The substantial differences in clinical presentation have also led to the question whether the disease courses have distinctive risk factors. Genetic variance is a proposed determinant of MS disease course, but no definite genetic differences have been found between relapsing and progressive onset MS.9 It has also been suggested that other factors than genetics may underlie the differences between the clinical phenotypes.

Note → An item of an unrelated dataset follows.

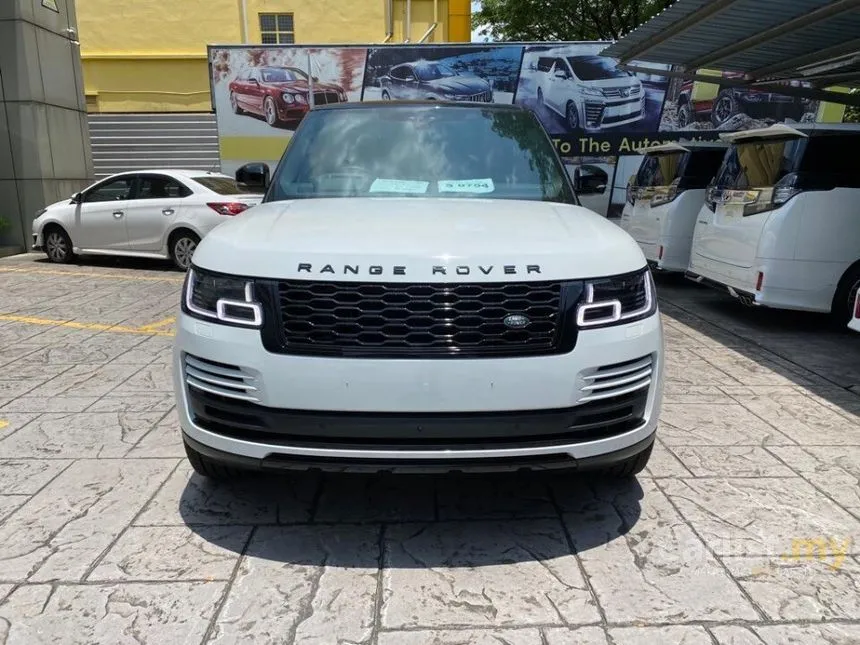 2020 Land Rover Range Rover P400 Vogue SE SUV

However, few studies have investigated risk factors for MS by disease course.10 In the present report, we aimed to study environmental risk factors and their interactions with the main MS risk gene, the human leucocyte antigen (HLA)-DRB1*15:01 allele, with regards to relapsing-onset and progressive-onset MS.
Study design and data collection
Epidemiological investigation of multiple sclerosis (EIMS) and genes and environment in multiple sclerosis (GEMS) are population-based, case–control studies with the main purpose to investigate the influence of genetic and environmental risk factors for MS. The study base comprised the Swedish general population aged 16–70 years. In EIMS, cases with newly diagnosed MS were recruited from neurology clinics throughout the country, including all university hospitals. All cases were examined and diagnosed by a neurologist according to the McDonald criteria.11 12 For each case, we randomly selected two controls from the national population register, frequency matched for the case’s age in 5-year age strata, sex and residential area. Reminders were sent to cases and controls who had not answered the questionnaire within 2, 4 and 6 weeks. Before a person was recorded as a nonresponder, he or she was also contacted by phone. The study period was April 2005 to June 2015.

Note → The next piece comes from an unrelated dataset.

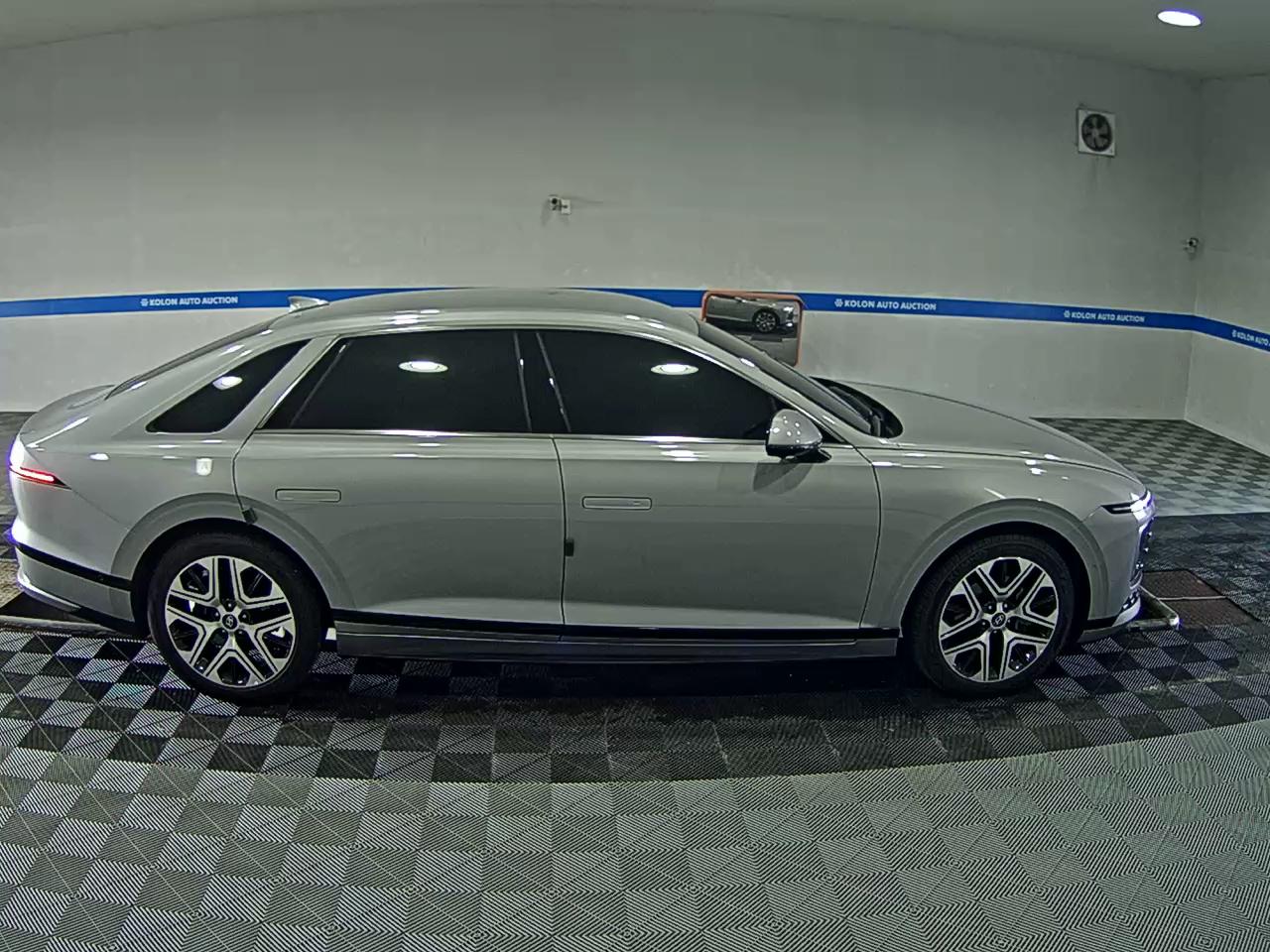 HYUNDAI THE ALL NEW GRANDEUR GASOLINE 2.5 EXCLUSIVE 2024 - zdjęcie 4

In GEMS, cases who fulfilled the McDonald criteria11 12 were identified from the Swedish National MS registry13 and one control per case was randomly selected from the national population register matched for age, sex and residential area at the time of disease onset. Those who did not respond were recorded as nonresponders. No reminders were sent out. The study participants, distinct from those in EIMS, were recruited between November 2009 and November 2011. Ethical approval for both EIMS (04-252/1f and 2012/359-32) and GEMS (2008/1617-31/2 and 2017/1378–31) was obtained from the Regional Ethical Review Board at Karolinska Institutet. All participants provided their informed consent.
In both studies, information regarding environmental exposures and lifestyle factors was collected using a standardised questionnaire. The response rate was 93% for cases and 73% for controls in EIMS and 82% for cases and 66% for controls in GEMS. All participants in both studies were asked to provide blood samples for genetic and serologic analyses. Blood samples were available for 81% of the cases and 59% of the controls. Epstein-Barr virus nuclear antigen-1 (EBNA-1) antibody status was available for participants who had been recruited before August 2013. Table 1 presents the number of cases and controls in each study, and online supplemental table 1 provides further information regarding missing data.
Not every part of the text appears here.